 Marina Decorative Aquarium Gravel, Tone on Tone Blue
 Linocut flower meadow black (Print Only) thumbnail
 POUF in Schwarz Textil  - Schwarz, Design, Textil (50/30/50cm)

########

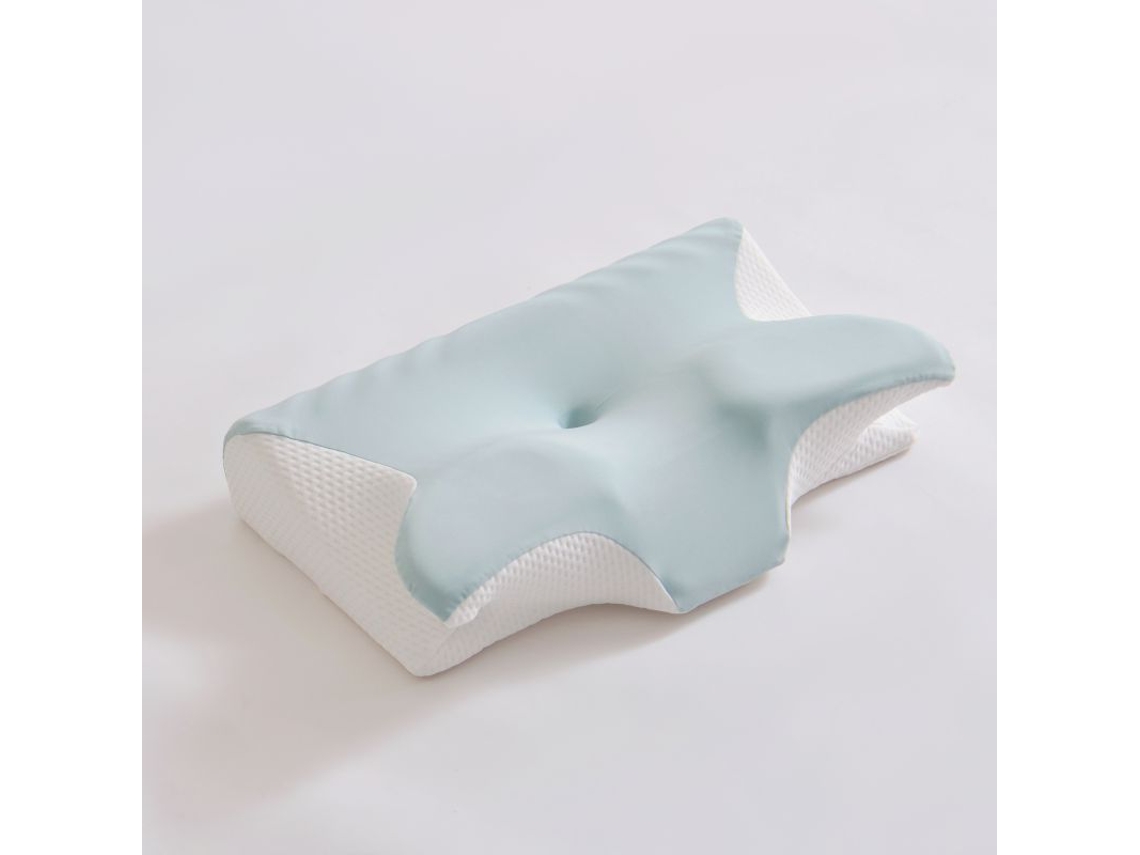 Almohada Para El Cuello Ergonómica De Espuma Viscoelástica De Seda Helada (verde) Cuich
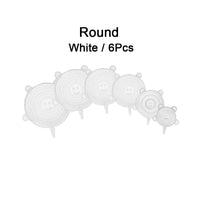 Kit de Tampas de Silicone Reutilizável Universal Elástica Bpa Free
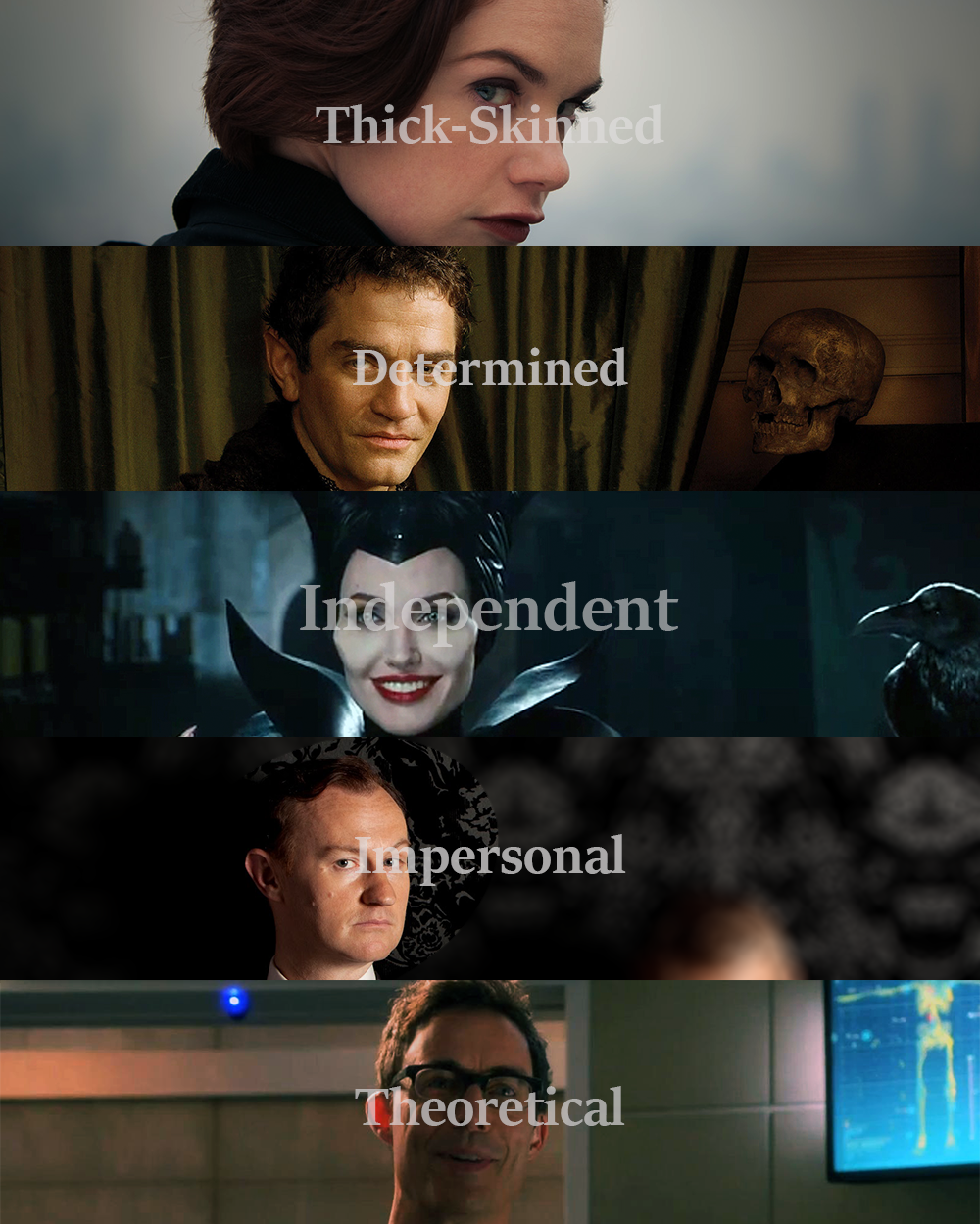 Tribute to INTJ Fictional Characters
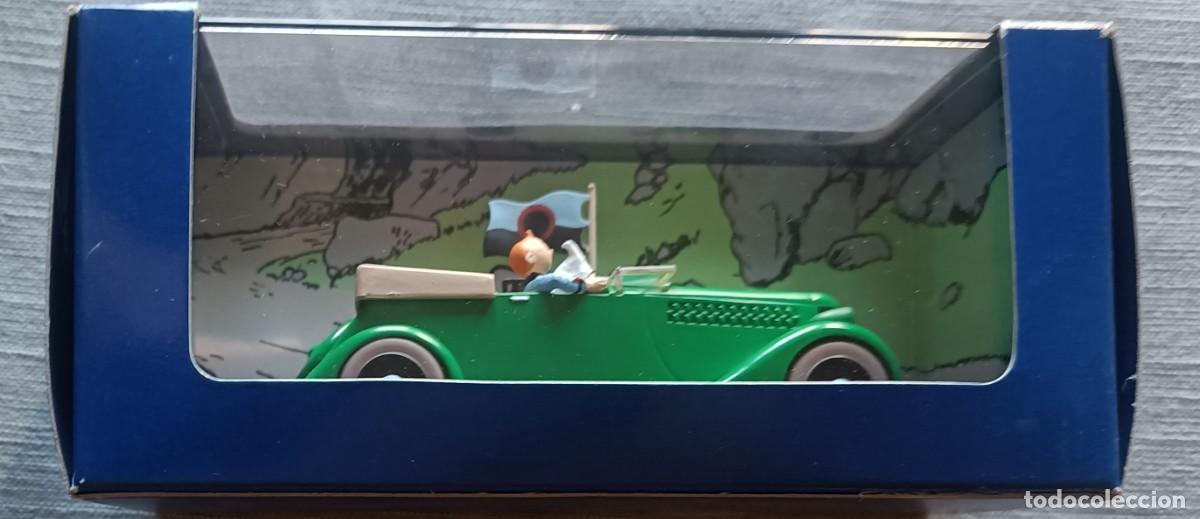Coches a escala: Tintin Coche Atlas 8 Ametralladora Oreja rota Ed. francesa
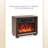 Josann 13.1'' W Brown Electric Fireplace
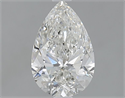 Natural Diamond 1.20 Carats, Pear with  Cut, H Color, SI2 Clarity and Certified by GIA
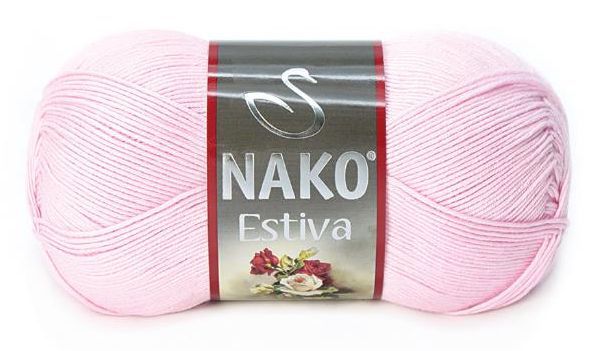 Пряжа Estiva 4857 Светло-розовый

########

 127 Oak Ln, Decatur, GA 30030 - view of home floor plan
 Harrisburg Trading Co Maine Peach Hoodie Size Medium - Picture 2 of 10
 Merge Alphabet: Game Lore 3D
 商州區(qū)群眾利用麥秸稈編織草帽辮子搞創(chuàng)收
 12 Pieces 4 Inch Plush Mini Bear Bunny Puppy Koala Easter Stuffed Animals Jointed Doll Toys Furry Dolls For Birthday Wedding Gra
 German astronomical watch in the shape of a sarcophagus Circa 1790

########

## Work order
Please give back exactly the lines of the listing above that run from the one containing "Marina Decorative Aquarium" through the one containing "POUF in Schwarz", and only those.

## Response below
 Marina Decorative Aquarium Gravel, Tone on Tone Blue
 Linocut flower meadow black (Print Only) thumbnail
 POUF in Schwarz Textil  - Schwarz, Design, Textil (50/30/50cm)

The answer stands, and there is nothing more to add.